Cleanly isolating vocals from drums, bass, piano, and other musical accompaniment is the dream of every mashup artist, karaoke fan, and producer. Commercial solutions exist, but can be expensive and unreliable. Techniques like phase cancellation have very mixed results.
The engineering team behind streaming music service Deezer just open-sourced Spleeter, their audio separation library built on Python and TensorFlow that uses machine learning to quickly and freely separate music into stems. (Read more in today’s announcement.)
You can train it yourself if you have the resources, but the three models they released already far surpass any available free tool that I know of, and rival commercial plugins and services. The library ships with three pre-trained models:
- Two stems – Vocals and Other Accompaniment
- Four stems – Vocals, Drums, Bass, Other
- Five stems – Vocals, Drums, Bass, Piano, Other
It took a couple minutes to install the library, which includes installing Conda, and processing audio was much faster than expected.
On my five-year-old MacBook Pro using the CPU only, Spleeter processed audio at a rate of about 5.5x faster than real-time for the simplest two-stem separation, or about one minute of processing time for every 5.5 minutes of audio. Five-stem separation took around three minutes for 5.5 minutes of audio.
When running on a GPU, the Deezer team report speeds 100x faster than real-time for four stems, converting 3.5 hours of music in less than 90 seconds on a single GeForce GTX 1080.
Sample Results
But how are the results? I tried a handful of tracks across multiple genres, and all performed incredibly well. Vocals sometimes get a robotic autotuned feel, but the amount of bleed is shockingly low relative to other solutions.
I ran several songs through the two-stem filter, which is the fastest and most useful. The 30-second samples are the separations from the simplest two-stem model, with links to the original studio tracks where available.
🎶 Lizzo – “Truth Hurts”
Compare the above to the isolated vocals generated by PhonicMind, a commercial service that uses machine learning to separate audio, starting at $3.99 per song. The piano is audible throughout PhonicMind’s track.

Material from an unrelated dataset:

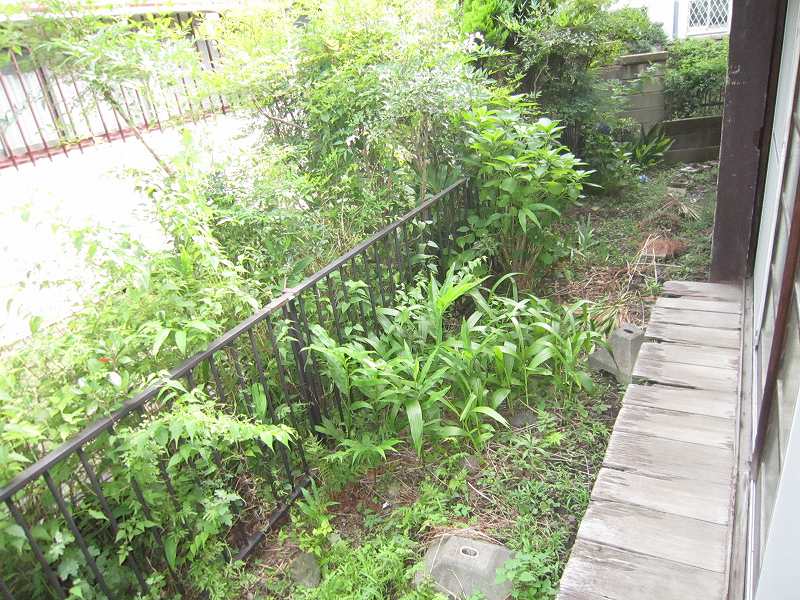Balcony. Veranda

🎶 Led Zeppelin – “Whole Lotta Love”
The original isolated vocals from the master tapes for comparison. Spleeter gets a bit confused with the background vocals, with the secondary slide guitar bleeding into the vocal track.

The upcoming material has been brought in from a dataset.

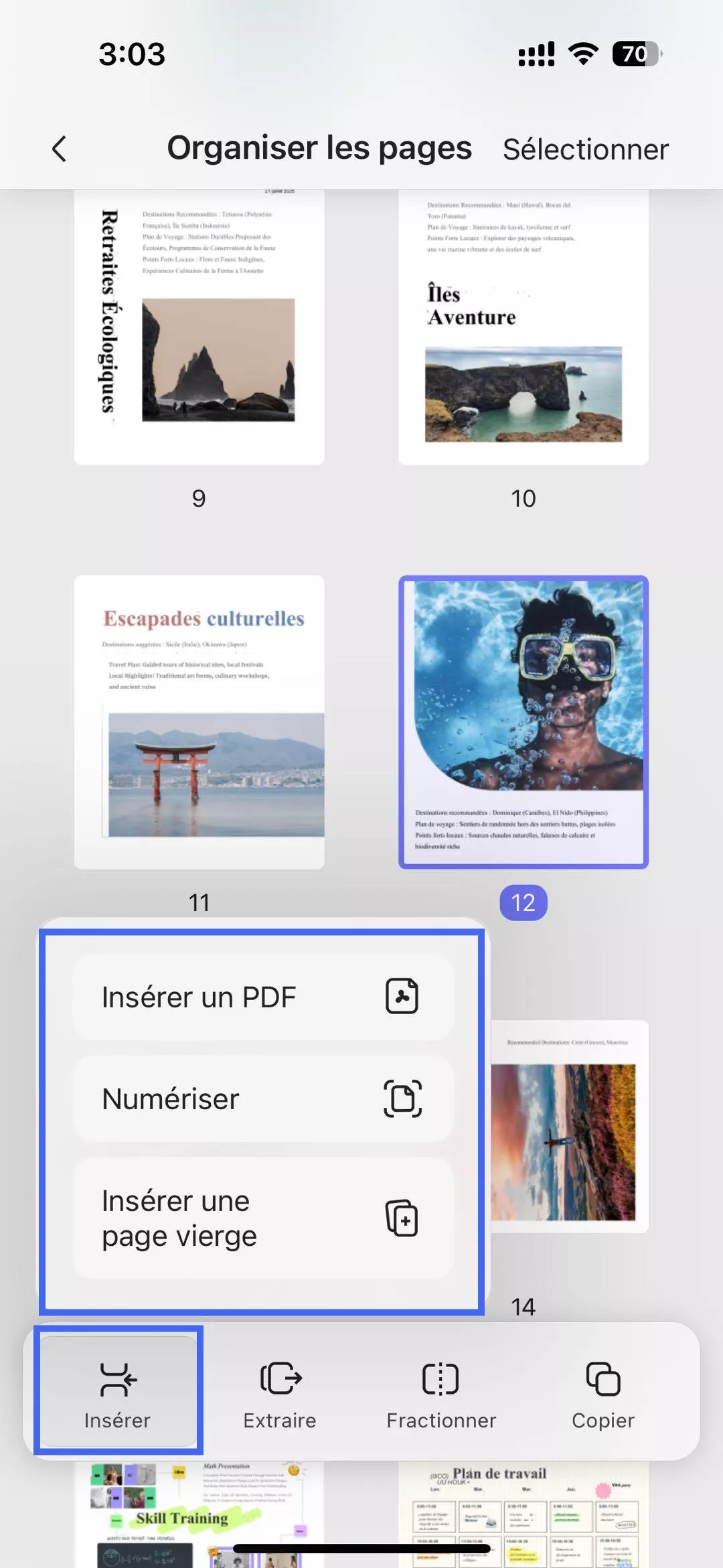 Cliquez sur le bouton « Organiser les pages ».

🎶 Lil Nas X w/Billy Ray Cyrus – “Old Town Road (Remix)”
Part of the beat makes it into Lil Nas X’s vocal track. No studio stems are available, but a fan used the Diplo remix to create this vocals-only track for comparison.
🎶 Marvin Gaye – “I Heard It Through the Grapevine”
Some of the background vocals get included in both tracks here, which is probably great for karaoke, but may not be ideal for remixing. Compare this to 1:10 in the studio vocals.
🎶 Billie Eilish – “Bad Guy”
I thought this one would be a disaster—the vocals are heavily processed and lower in the mix with a dynamic bass dominating the song—but it worked surprisingly well, though some of the snaps bleed through.
🎶 Van Halen – “Runnin’ With The Devil”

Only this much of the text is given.